Whereas the design imperialism debate honed in on local interventions, this essay will focus on my experiences working with multi-national corporations and organisations. I’m not suggesting that the lessons outlined here are the same as for more local initiatives, nor am I making a judgment on the pros or cons of local or global design solutions—that would need to be visited on a case by case basis. And yes, I recognize that the international aid / donor community has for many years overlooked locally sustainable solutions often at the detriment of communities that they were there to serve—this imbalance has been a personal driver to understand for myself for much of my career. I do assume that the benefits of globalization in the short term (~20 years) outweighs the costs and the opportunity costs.

In this second installation of my “Imperialist Tendencies” essay, I’d like to present a backgrounder on the role of design research / ethnography that was referred to in the talk and some of the nuances of the approach that I think make the process one that is rewarding for the individuals concerned, their communities, our teams that conduct the research and employer, and ultimately the client.

Research for Design

The basic premise of design research is that spending time in the contexts where people do the things that they do can inform and inspire the design process with a nuanced understanding of what drives people’s behavior—which can then be used as a foundation for understanding and exploring the opportunities for new products and services.

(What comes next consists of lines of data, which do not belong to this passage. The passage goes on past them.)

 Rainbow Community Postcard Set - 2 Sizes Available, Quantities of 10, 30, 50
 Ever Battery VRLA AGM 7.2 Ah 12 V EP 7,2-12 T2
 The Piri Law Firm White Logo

More often than not the process leads to innovating on what already exists. The practice is mostly associated with up-front research at the beginning of the design process, but in my experience it is valuable to think of it as a state of mind that can infuse, inform and inspire across and often beyond the project. Often researchers get ahead of themselves and talk about the opportunities they perceived after uncovering unmet needs. The fact is in many cases needs are being met, just not particularly well. The process assumes, of course, that the project is aligned to the client’s organisation and goals, and that the team knows how to apply the right mix of methods, understands how to make sense of what they are collecting and can articulate the opportunities that comes from this. Some people and/or agencies are good at parts of the process, far fewer can carry off the whole. Just as there are many different ways to design, there are many ways to run design research. For my clients, design research is particularly effective when it explores the collision of people, technology, culture, and business models to inform what, when and how to make something and understand how best to get there.

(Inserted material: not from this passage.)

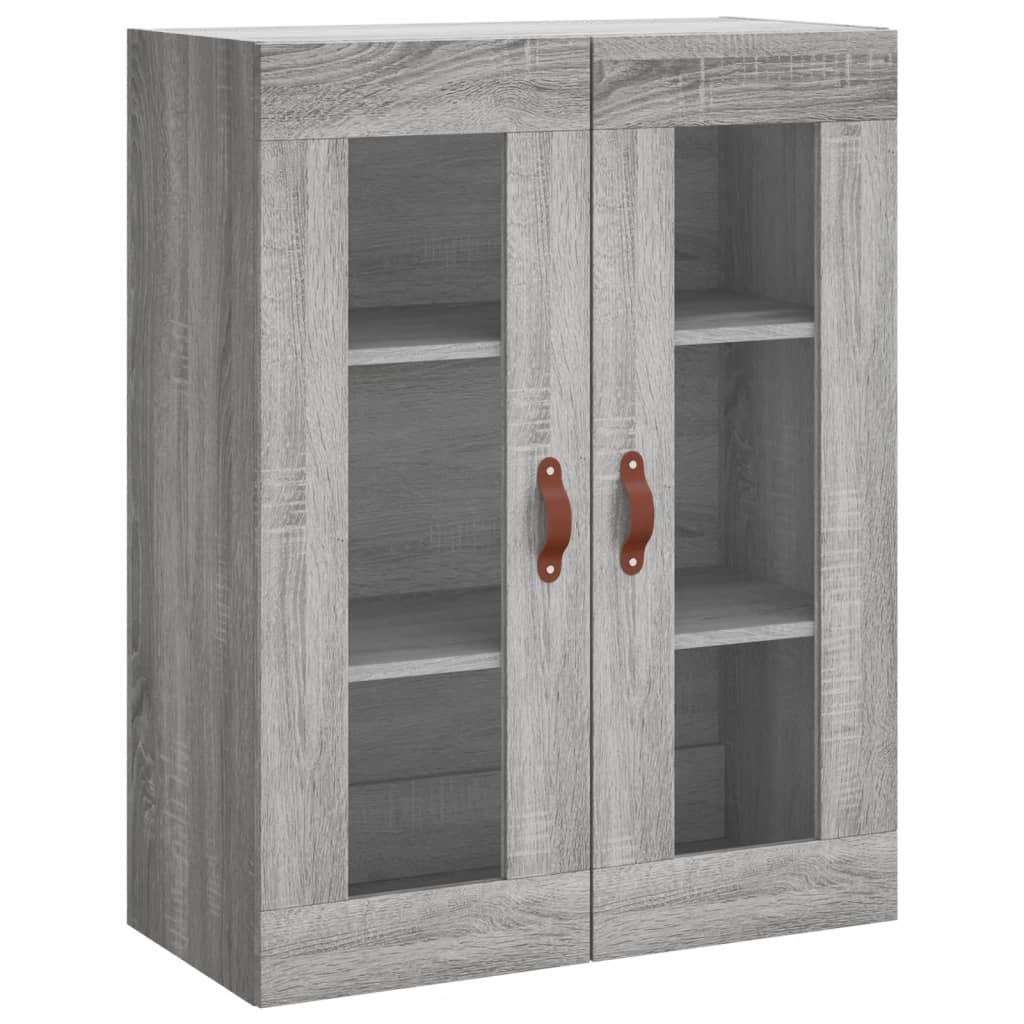 Mobile a Parete Grigio Sonoma 69,5x34x90 cm | homemem39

Corporate research studies are often about a 2-month sprint: a week or two to ramp up; a week each in two or three research locations; two weeks of pure synthesis; and two weeks to write and deliver a report. Most projects have some form of hand-over workshop with the client, and for a larger consultancy like frog, this is usually the bridge to a design phase—where the ideas/concepts are further explored and evaluated, before being refined with increasing levels of fidelity. A research + design project can run for 6+ months, but I’ll focus on the research phase here since it is most relevant. The client often wants the research yesterday and it is common for the team to be working 24/7 with only a couple of days break over the course of the research—stepping back only after its all done and dusted.

Common criticisms of this format of corporate research include: the time on the ground is so limited that the breadth and quality of the data is likely to be suspect; that the incoming team is insensitive to how things are done locally; that the broad range of locations and limited total time span doesn’t allow for building meaning relationships with local partners; that the team suffers burn-out; that engagements with participants and local partners is at best superficial and at worst disrespectful; and that the opportunity areas/concepts/ideas that come out of this process bear little or no acknowledgement to local needs.

All are valid concerns.

All can be mitigated.

Mitigation is not always the smartest move.